Set down exactly the lines below between the line holding "Blueprint RB Space Engineers mod" and the line holding "Amare Beach Ibiza photo 2", inclusive; no other line belongs in the answer.

================================

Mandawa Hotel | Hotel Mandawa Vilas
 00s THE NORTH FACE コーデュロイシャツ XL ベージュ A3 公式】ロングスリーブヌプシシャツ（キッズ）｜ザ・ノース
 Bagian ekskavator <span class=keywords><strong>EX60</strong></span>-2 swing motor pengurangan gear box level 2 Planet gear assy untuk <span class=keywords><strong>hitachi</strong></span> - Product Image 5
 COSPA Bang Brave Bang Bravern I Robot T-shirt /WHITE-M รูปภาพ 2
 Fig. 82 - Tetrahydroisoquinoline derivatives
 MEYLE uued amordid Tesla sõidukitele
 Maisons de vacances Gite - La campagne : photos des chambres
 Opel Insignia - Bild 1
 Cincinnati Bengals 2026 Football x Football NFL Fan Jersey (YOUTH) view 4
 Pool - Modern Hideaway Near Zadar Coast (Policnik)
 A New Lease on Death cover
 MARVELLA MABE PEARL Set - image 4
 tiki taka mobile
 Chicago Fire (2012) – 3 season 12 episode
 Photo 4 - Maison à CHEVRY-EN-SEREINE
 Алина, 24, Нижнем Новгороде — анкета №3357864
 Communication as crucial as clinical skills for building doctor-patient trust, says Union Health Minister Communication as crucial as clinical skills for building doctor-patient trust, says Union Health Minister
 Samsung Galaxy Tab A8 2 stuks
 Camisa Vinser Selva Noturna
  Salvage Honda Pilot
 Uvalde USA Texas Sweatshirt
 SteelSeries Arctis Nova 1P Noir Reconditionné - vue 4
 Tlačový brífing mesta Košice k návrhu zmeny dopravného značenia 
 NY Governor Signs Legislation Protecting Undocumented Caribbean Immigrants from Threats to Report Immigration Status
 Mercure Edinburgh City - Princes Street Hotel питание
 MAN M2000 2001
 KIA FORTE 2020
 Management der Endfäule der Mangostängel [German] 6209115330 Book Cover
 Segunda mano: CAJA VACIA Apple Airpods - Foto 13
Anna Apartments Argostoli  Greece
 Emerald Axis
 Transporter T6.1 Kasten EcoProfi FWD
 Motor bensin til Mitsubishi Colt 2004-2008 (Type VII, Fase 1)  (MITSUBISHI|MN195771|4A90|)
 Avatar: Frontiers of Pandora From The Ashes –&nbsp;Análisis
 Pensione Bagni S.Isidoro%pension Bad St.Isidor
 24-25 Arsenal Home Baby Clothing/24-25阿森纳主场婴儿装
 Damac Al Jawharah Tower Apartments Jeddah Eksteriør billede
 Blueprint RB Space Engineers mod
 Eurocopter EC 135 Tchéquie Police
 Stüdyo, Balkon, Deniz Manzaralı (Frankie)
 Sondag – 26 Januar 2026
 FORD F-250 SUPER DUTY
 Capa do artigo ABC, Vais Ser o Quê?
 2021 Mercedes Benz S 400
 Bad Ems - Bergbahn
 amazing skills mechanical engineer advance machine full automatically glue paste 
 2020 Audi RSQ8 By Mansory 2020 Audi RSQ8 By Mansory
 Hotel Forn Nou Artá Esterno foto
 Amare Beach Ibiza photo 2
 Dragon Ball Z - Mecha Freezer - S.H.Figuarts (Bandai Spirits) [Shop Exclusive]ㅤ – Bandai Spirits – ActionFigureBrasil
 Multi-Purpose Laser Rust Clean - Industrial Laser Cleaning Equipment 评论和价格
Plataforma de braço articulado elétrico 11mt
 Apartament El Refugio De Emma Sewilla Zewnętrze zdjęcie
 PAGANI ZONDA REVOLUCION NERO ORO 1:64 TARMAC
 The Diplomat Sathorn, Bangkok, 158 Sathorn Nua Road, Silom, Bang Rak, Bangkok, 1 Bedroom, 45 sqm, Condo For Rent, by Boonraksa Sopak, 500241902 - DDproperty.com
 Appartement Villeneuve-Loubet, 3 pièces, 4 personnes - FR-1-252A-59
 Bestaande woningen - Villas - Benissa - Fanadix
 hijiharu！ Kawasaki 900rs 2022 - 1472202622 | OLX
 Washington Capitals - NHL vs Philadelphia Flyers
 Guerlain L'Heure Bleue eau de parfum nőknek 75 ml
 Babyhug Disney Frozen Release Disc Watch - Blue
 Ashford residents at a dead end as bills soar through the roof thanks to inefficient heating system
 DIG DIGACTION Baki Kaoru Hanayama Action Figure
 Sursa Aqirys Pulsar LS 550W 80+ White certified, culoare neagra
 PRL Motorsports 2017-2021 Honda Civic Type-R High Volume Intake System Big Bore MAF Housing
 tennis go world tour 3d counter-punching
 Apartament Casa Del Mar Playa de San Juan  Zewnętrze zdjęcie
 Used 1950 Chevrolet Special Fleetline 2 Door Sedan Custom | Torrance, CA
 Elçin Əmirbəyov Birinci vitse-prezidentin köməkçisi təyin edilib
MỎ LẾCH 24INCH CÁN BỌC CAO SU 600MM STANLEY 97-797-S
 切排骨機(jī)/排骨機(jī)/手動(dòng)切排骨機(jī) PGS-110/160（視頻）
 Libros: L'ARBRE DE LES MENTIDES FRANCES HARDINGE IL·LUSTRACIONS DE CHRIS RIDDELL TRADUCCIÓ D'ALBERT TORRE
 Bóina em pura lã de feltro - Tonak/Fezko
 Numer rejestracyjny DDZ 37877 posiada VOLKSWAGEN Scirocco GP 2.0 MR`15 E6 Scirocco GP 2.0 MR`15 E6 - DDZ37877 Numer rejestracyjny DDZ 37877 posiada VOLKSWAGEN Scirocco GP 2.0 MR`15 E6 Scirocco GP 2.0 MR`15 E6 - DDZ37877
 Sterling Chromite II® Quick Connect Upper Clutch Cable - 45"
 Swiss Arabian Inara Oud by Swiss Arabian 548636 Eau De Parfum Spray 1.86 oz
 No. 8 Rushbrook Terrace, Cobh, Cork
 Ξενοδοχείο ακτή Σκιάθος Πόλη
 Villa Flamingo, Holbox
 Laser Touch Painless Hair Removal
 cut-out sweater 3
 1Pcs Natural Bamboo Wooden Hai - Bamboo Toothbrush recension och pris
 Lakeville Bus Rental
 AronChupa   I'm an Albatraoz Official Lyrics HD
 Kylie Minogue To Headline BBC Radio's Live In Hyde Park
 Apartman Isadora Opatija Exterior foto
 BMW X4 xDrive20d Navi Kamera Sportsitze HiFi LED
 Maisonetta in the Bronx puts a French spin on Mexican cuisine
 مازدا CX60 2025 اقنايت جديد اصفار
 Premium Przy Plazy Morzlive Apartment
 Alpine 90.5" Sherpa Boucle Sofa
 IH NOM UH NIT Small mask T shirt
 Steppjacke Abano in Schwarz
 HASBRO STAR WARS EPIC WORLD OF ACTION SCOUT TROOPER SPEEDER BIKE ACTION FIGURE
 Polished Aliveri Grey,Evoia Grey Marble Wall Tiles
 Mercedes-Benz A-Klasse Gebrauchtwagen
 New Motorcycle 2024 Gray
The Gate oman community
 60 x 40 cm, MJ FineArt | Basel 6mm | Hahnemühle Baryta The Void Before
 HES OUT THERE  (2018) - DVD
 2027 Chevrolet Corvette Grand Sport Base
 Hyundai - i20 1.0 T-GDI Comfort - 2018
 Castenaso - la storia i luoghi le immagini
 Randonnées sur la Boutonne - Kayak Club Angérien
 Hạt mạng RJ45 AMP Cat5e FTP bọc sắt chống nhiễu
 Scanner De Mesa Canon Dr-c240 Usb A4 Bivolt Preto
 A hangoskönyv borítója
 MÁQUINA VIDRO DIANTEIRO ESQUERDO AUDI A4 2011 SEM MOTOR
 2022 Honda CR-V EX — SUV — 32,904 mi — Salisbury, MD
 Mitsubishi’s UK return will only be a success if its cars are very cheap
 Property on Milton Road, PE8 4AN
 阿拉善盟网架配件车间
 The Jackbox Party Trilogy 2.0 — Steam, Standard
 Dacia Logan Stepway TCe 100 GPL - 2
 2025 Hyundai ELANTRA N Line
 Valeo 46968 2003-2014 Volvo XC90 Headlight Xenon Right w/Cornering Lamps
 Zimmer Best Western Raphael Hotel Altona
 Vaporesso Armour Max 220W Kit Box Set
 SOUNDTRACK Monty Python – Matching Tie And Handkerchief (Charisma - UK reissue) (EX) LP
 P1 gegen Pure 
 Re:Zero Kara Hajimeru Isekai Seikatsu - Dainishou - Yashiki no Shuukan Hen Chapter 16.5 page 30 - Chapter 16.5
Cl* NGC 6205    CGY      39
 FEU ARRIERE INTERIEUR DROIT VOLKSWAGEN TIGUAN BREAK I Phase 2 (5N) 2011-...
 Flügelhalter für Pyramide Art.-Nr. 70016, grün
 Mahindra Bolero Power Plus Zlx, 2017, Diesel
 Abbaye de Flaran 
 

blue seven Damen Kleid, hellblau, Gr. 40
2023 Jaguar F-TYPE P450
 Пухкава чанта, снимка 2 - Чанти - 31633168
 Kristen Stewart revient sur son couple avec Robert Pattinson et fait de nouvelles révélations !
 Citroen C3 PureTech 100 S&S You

================================

**RESPONSE TO THIS TASK**
 Blueprint RB Space Engineers mod
 Eurocopter EC 135 Tchéquie Police
 Stüdyo, Balkon, Deniz Manzaralı (Frankie)
 Sondag – 26 Januar 2026
 FORD F-250 SUPER DUTY
 Capa do artigo ABC, Vais Ser o Quê?
 2021 Mercedes Benz S 400
 Bad Ems - Bergbahn
 amazing skills mechanical engineer advance machine full automatically glue paste 
 2020 Audi RSQ8 By Mansory 2020 Audi RSQ8 By Mansory
 Hotel Forn Nou Artá Esterno foto
 Amare Beach Ibiza photo 2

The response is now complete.